On January 24, 2020 at 4:25 a.m., I was awoken by my garage door vibrating from the shock wave of an explosion, approximately 5 miles away. The explosion was from a manufacturing building that housed chemicals, in northwest Houston, Texas. Two plant workers and one local resident died later from their injuries.
Some homes near the facility were blasted off their foundations, whilst others had collapsed ceilings, shattered windows, and bent garage doors. Since then, the US has suffered other, similar explosions, some of which have also been deadly. For the last few years, it seems that there has been disproportionate amount of fires and explosions from industry throughout North America than some other parts in the world.
Most companies in downstream and midstream industries in explosive (classified) locations in the US follow the NEC (National Electrical Code) which is updated every three years.

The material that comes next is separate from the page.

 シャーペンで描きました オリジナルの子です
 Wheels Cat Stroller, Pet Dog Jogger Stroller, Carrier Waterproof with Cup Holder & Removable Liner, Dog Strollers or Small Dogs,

The 500-516 sections of the code relate to explosive locations; the rest applies to other electrical practices. The NFPA (National Fire Protection Association) is best known for its sponsorship of the NEC. Adopted, but not a federal law in all 50 states, NFPA 70/NEC is the benchmark for safe electrical design and installation in order to protect people and property from electrical hazards.
The NEC 500 parts are used for classification purposes and categorises atmospheric explosion hazards into Class I (gas) Class II (dust) and Class III (fibers and flyings). NFPA 497 tables are also used for further information on gas properties. Two divisions are used to indicate the amount of risk in an explosive location. Division 1 is a location with a hazard likely under normal conditions and Division 2 is a location with a hazard under abnormal conditions. NEC 500 electrical and electronic equipment that are acceptable protection techniques for an installation in a Division 1 or Division 2 hazardous (classified) location include:
- Explosion proof Equipment (XP): like the Exd IEC 60079-01 concept, this protection technique is permitted for equipment in Class I, Division 1 or 2 locations.

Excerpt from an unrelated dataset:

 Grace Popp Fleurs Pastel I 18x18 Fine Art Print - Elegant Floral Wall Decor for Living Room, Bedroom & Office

- Purged and Pressurised: permitted for equipment in any hazardous (classified) location for which it is identified.
- Intrinsic Safety (IS): permitted for equipment in Class I, Division 1 or 2; or Class II, Division 1 or 2; or Class III, Division 1 or 2 locations.
- Non-incendive (NI): permitted for equipment in Class I, Division 2; Class II, Division 2; or Class III, Division 1 or 2 locations.

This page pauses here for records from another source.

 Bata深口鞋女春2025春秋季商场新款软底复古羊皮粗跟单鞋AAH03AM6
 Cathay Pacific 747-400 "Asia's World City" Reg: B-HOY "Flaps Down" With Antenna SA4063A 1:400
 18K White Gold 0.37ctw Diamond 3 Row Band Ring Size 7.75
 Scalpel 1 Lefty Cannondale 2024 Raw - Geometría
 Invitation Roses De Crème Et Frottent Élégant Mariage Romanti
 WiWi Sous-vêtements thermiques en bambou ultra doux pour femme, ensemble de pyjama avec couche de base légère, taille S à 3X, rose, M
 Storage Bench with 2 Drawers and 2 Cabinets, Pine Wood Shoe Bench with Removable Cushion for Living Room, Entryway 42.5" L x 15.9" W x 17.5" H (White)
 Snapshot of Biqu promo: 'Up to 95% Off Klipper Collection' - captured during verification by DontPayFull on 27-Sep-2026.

- Hermetically Sealed: permitted for equipment in Class I, Division 2; Class II, Division 2; or Class III, Division 1 or 2 locations.
NEC 500 is more focused on the design and installation of the equipment listed above than its maintenance and inspection. A common assumption often is if the design and installation have been performed correctly and passed the end user, sometimes with the agreement by of an AHR (Authority Having Jurisdiction), the equipment is deemed acceptable for its lifetime.
From my experience, I would suggest that the lack of rigorous and consistent maintenance and inspections is contributing to an increase in accidents in hazardous locations. Chapter 5 of NEC requires equipment to be constructed and installed in such a way to ensure safe performance under conditions of proper use and maintenance. A separate document, NFPA 70B, the Recommended Practice for Electrical Equipment Maintenance 2019, is sometimes referred to, but the document lacks dedicated inspection tables and detailed guidance.
At present, formal procedures and requirements for hazardous location inspections have not been officially adopted by NEC 500 users in the downstream and midstream industries with explosive (classified) locations. Software is available that notes and records the exact NEC 500 inspection requirements which can address these inconsistencies. By adopting more rigorous and consistent inspection criteria and improving US-based training and competency, I believe that the engineering loop for NEC 500 Ex installation-maintenance-inspections can be closed. This would go a considerable way in mitigating the risk of explosions in the future.